PROBLEM TO SOLVE: Restate exactly, and only, the lines from the one with "Soporte de latón" through the end of the data, with both of those end lines kept. Drop any pictures.
+-------+
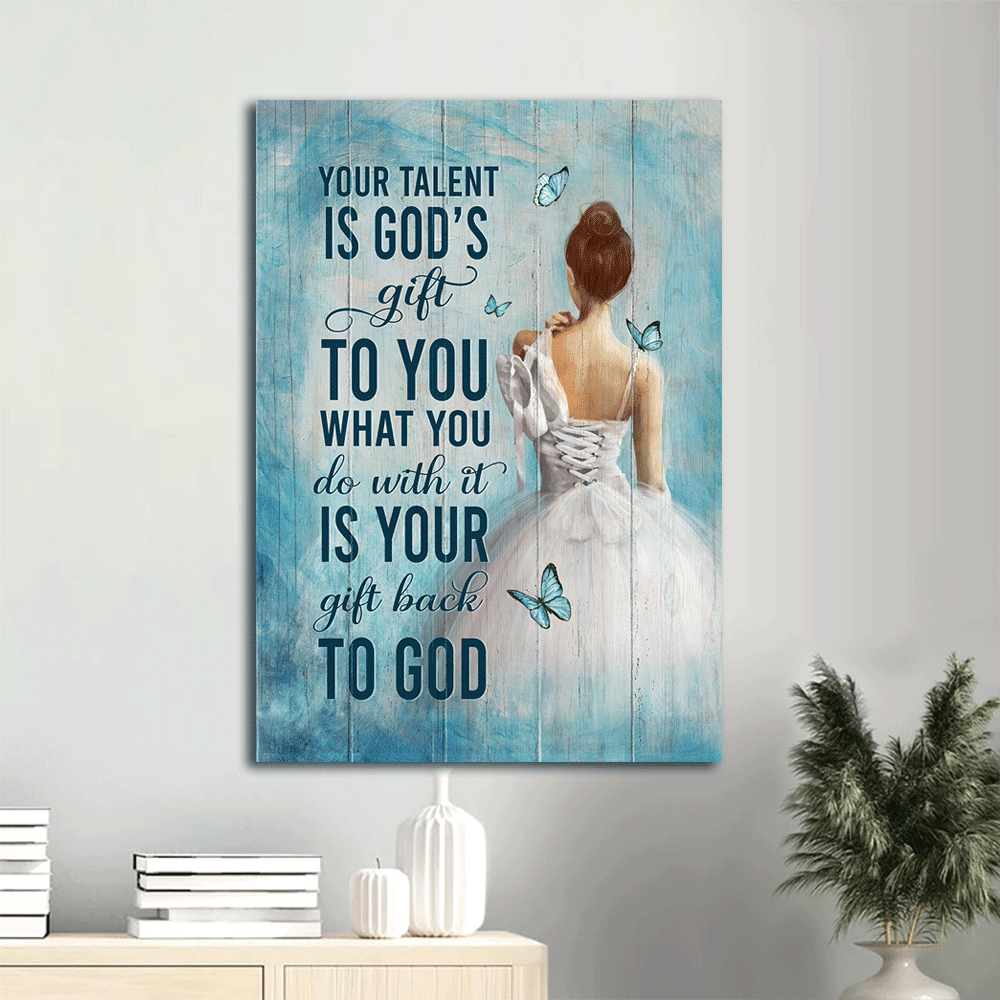 Jesus Portrait Poster Home Decor Gift – Ballet Painting with Blue Butterfly – Gift for Christian Jesus Portrait Poster Home Decor Gift – Ballet Painting with Blue Butterfly – Gift for Christian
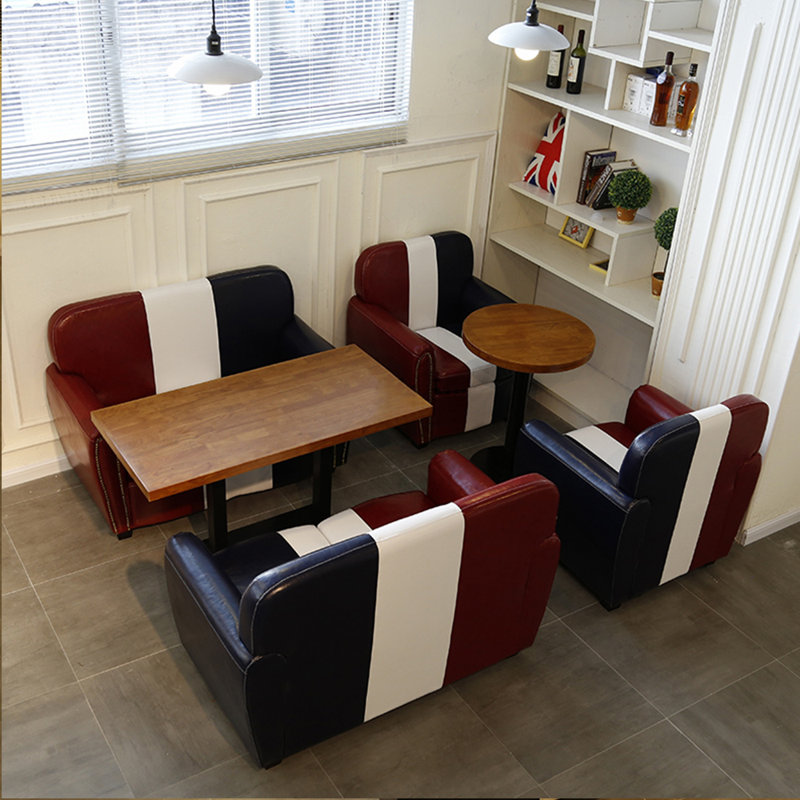 Banc rembourré en similicuir American Retro Cafe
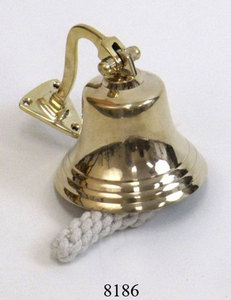 Soporte de latón náutico Campana de barco Exportador Artesanías de metal Campanas de barco de latón modernas Campana de metal montada en la pared al por mayor - Product Image 3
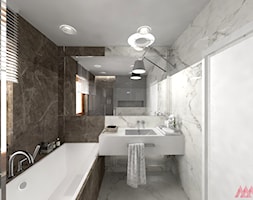 Dom | Lesznowola - Średnia z lustrem z marmurową podłogą z punktowym oświetleniem łazienka z oknem, ... - zdjęcie od MWZ Architektura Wnętrz - Homebook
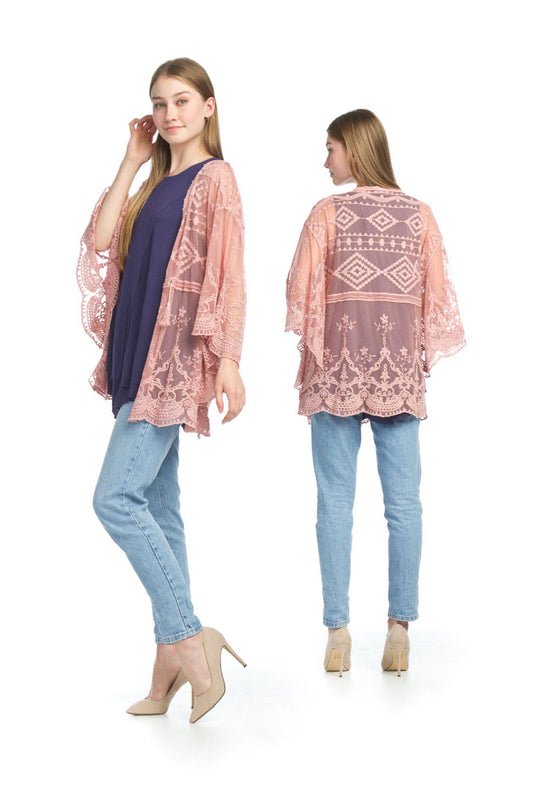 PINK Geo Embroidered Coverup with Tie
+-------+
ANSWER BOX:
 Soporte de latón náutico Campana de barco Exportador Artesanías de metal Campanas de barco de latón modernas Campana de metal montada en la pared al por mayor - Product Image 3
 Dom | Lesznowola - Średnia z lustrem z marmurową podłogą z punktowym oświetleniem łazienka z oknem, ... - zdjęcie od MWZ Architektura Wnętrz - Homebook
 PINK Geo Embroidered Coverup with Tie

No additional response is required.